Not exactly mind-blowing, but it did correctly count the number of "r's" in "strawberry" (which I'm still misspelling btw, idk what's up with me, it's not even a hard word UGH).

BUT, how do we know that the AI actually called the tool and didn't just make that up?

Well, we can actually inspect the steps that it took to reach its final output.

console.log(agentResponse.steps));
[
...
{
"type": "tool-call",
"toolName": "countLetterOccurrences",
"input": {
"letter": "r",
"text": "strawberry"
},
...
},
{
"type": "tool-result",
"toolName": "countLetterOccurrences",
"input": {
"letter": "r",
"text": "strawberry"
},
"output": {
"count": 3
},
...
}
...
],

So the agent:

  1. Called countLetterOccurrences with { letter: "r", text: "strawberry" }
  2. Got back { count: 3 }.
  3. Used that result to spit out the correct answer of "The word "strawberry" has 3 'r's."

OR visually:

Agentic flow diagram

Although the output of the tool is deterministic the final response may vary e.g. "There are 3 r's in strawberry" or "There are three" but the core logic is the same, just like how when I order a coffee it is never exactly the same every time however it is indeed a coffee just like how indeed there are three r's in the word strawberry.

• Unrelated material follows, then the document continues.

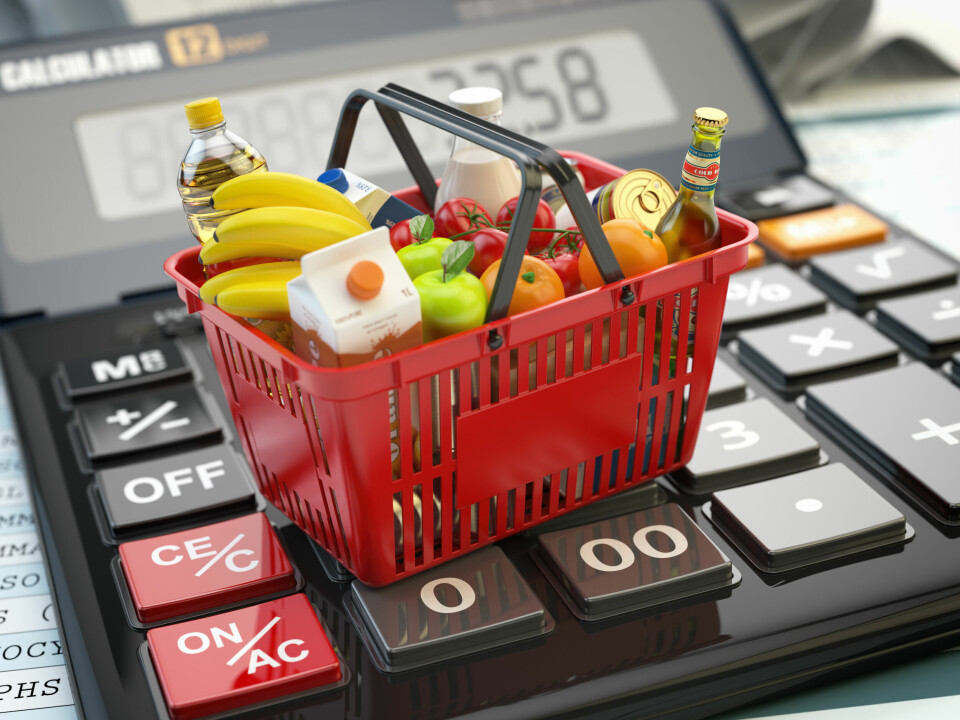 A shopping basket full of food items balancing on a calculator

This variation in responses can be controlled through a setting supported by some models called temperature, which, in short, is a randomness factor that determines how consistent and "colorful" the output is. The lower the temperature, the more predictable the responses will be; the higher the temperature, the more volatile the response will be.

Temperature chart showing the relationship between temperature and output variability
Source: Aruna Kolluru on Medium

The lowest temperature setting is 0, while the highest varies by provider but is typically no greater than 2. When building an agent, you generally want this value set low; in the range of 0-0.5 is a good rule of thumb. While this isn't a critical component to focus on when building agents, it's worth experimenting with, especially if you find your agent inconsistent with tool calls.

How does the LLM actually run your code?

The short answer is it doesn't.

The LLM doesn't have access to your code.

When we say an agent calls a tool, what we essentially mean is:

  1. The LLM returned instructions saying "Call countLetterOccurrences with { letter: 'r', text: 'strawberry' }."
  2. Your code (or, in our case, the SDK) reads those structured instructions and then calls the function with the specified parameters.
  3. Then the output of the function is sent back to the LLM, which sends you back not just the number 3 but a pretty human-readable response of "The word 'strawberry' has 3 'r's." (yes, I spelled "strawberry" right that time)

The key point to drive home here is that the AI is telling your app what to run, not running it itself. This may sound like a security risk, and it only really is if you give an agent access to dangerous tools, but you are always in full control, and if anything bad ever happens, just know it's a skill issue.